In one of the many obituaries written to celebrate John Wooden’s life, Peter Kerasotis notes that:
In 1948, when Wooden accepted UCLA’s head coaching job, he did so after he thought that Minnesota, which was his first choice for a head job, didn’t get back with him. It turns out, though, that bad weather had downed phone lines, which prevented Minnesota’s officials from contacting him. When they finally did, and offered him a job, Wooden had already told UCLA yes, and he couldn’t go back on his word.
In another Bill Dwyre observes of an event a decade ago:
He got a call recently from somebody who wanted a copy of his new book, “WOODEN: A Lifetime of Observations and Reflections On and Off the Court.” The caller said he needed the book right away, so Wooden got one off the shelf, stuffed some padding in the envelope, packaged it up, taped it shut and went out and mailed it. The man had given Wooden a collect Federal Express number, but Wooden fretted that sending the book that way would be much too costly for the caller. It never occurred to him that few Hall of Fame sports figures prepare mailings for strangers.
Bill Dwyre concludes his reminiscences thus:
On Oct. 14, 2000, he will be 90 years old. Yet he walks me out, shuffling alongside and making sure the gate is open and that I can find my way comfortably. My comfort is his. As I drive away, I remember something he told me weeks ago, a quote from Mother Teresa that he found meaningful: “A life not lived for others is not a life.” And I find myself wondering if there really is another one like him out there, or if this really is as good as it gets.

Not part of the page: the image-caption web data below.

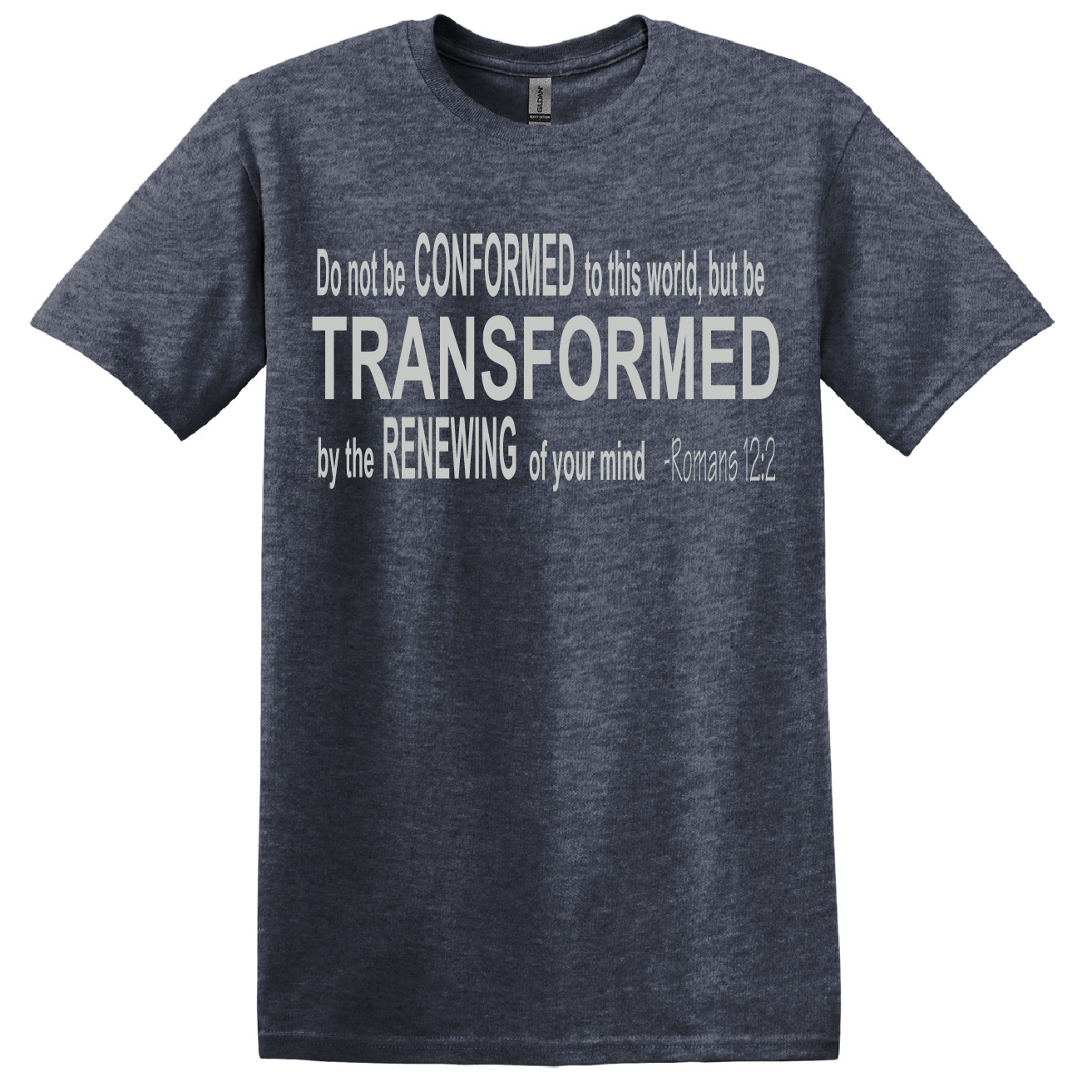 Be Transformed Sacred Selections Fundraiser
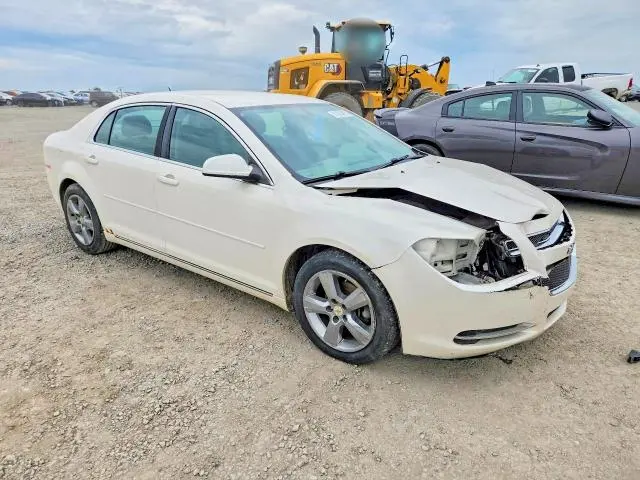 2011 CHEVROLET MALIBU   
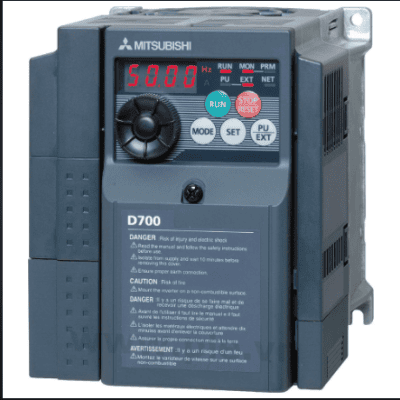 Biến tần Mitsubishi FR-D740-0.75K 0.75kW 3 Pha 380V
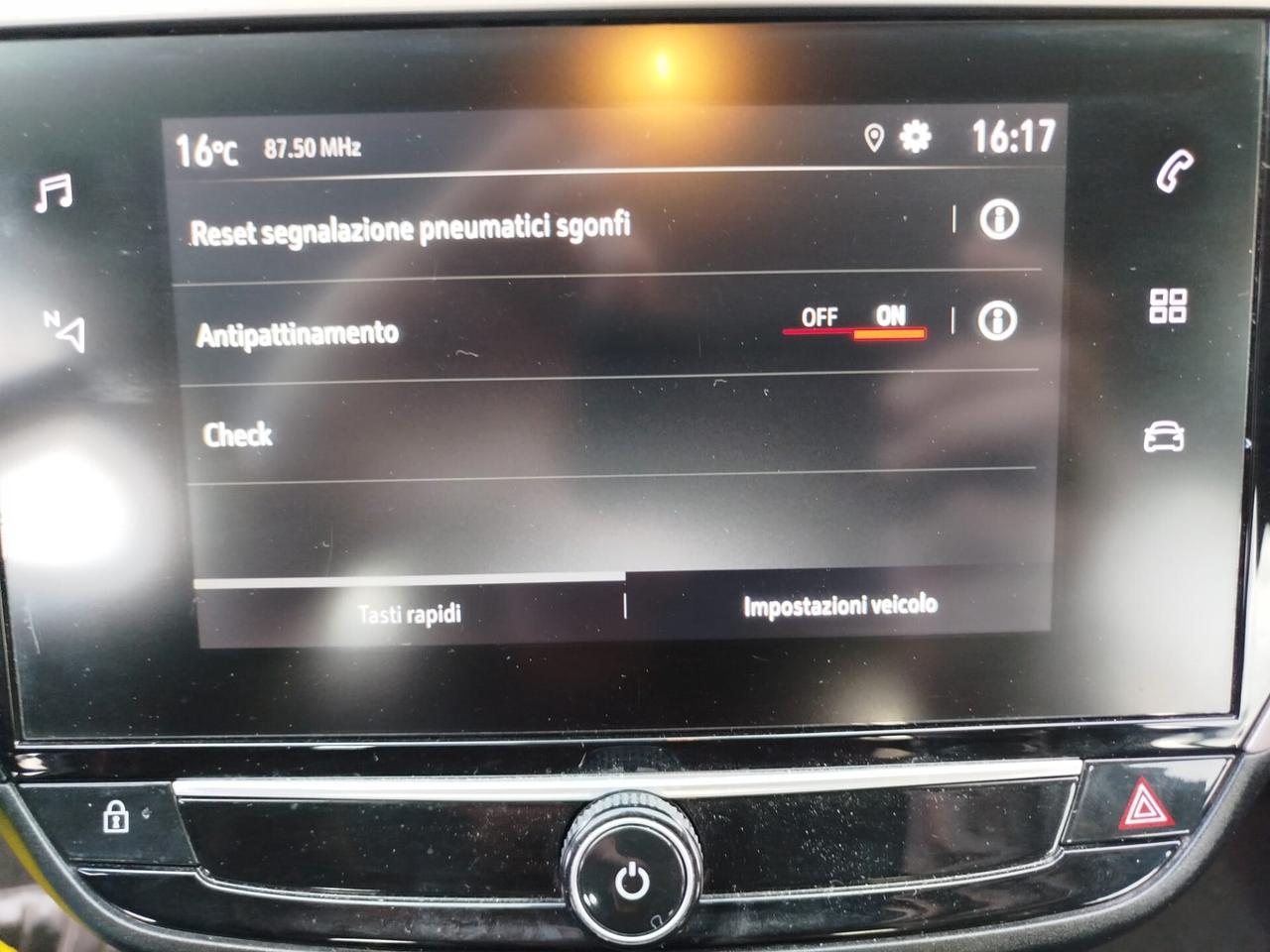 Opel Corsa 1.2 75cv *PREZZO VERO* UNIPRO KM CERTI NEOPAT OK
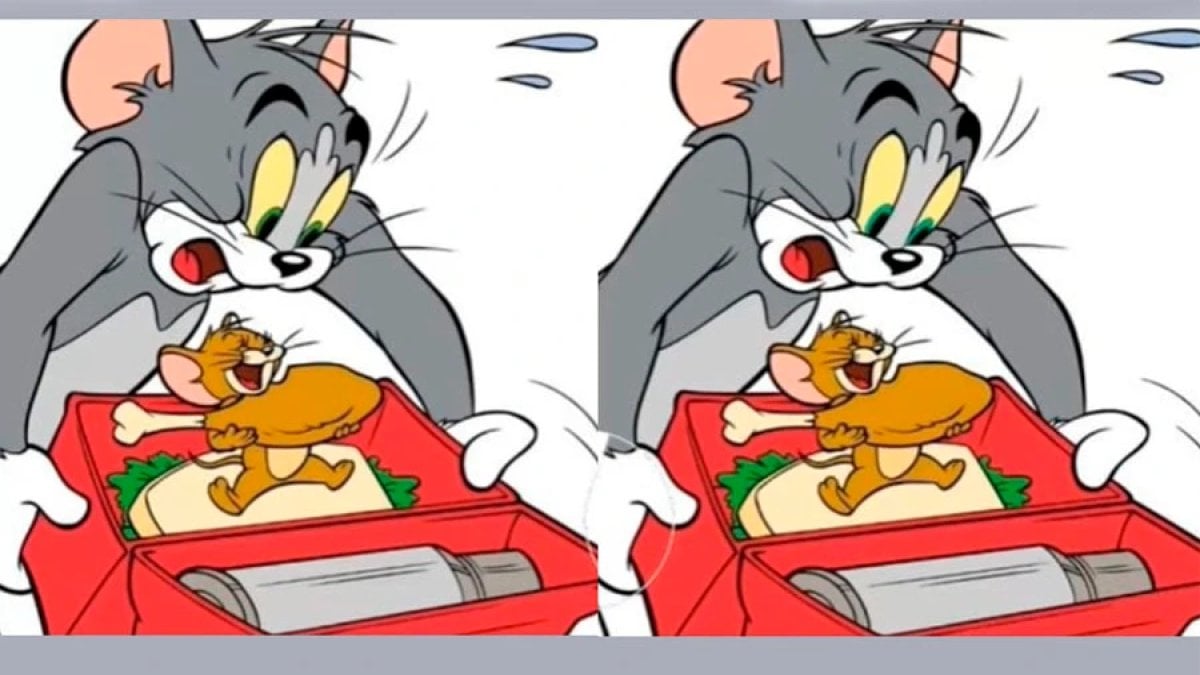 Sadece 3 saniyede farkı bulanların IQ’su 150’nin üzerinde! Bu görsel zekâ testine hazır mısınız?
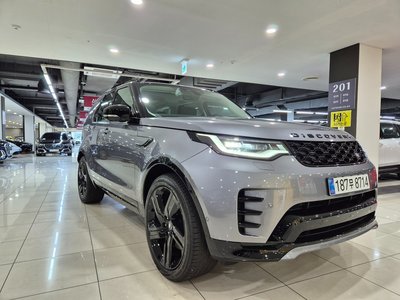 LAND ROVER DISCOVERY - 2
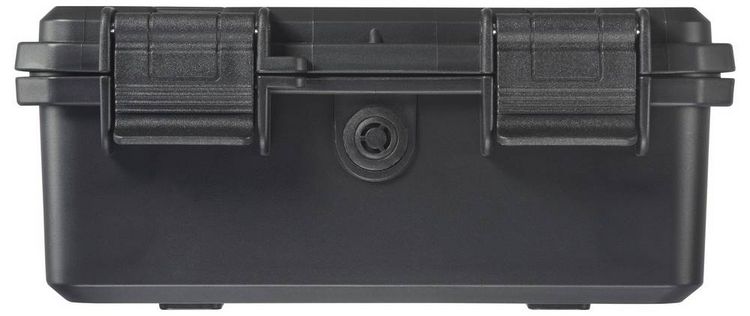 Produktbild: VOLTCRAFT Outdoor Akku-/Batteriekoffer 15x Baby (C) (L x B x H) 18 x 13.5 x 7.5cm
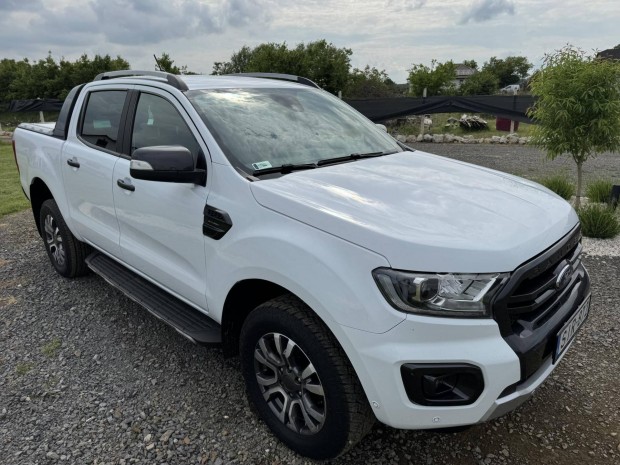 Ford Ranger 2.0 TDCi 4x4 Wild Trak (Automata) F...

There are many Coach Wooden stories celebrated in the last week. Many of these are pervaded by his humanity and his profound commitment to education. Mike Krzyzewski‘s eloquence seems to have captured many people’s thoughts:
Today, we’ve lost a giant in all of sport with the passing of Coach Wooden. Quite likely, his accomplishments as a college basketball coach will never be matched. Neither will the impact he had on his players or the greater basketball community. Many have called Coach Wooden the ‘gold standard’ of coaches. I believe he was the ‘gold standard’ of people and carried himself with uncommon grace, dignity and humility. Coach Wooden’s name is synonymous with excellence, and deservedly so. He was one of the great leaders – in any profession – of his generation. We are blessed that the sport of basketball benefitted from his talents for so long. Coach Wooden and his wisdom will be sorely missed.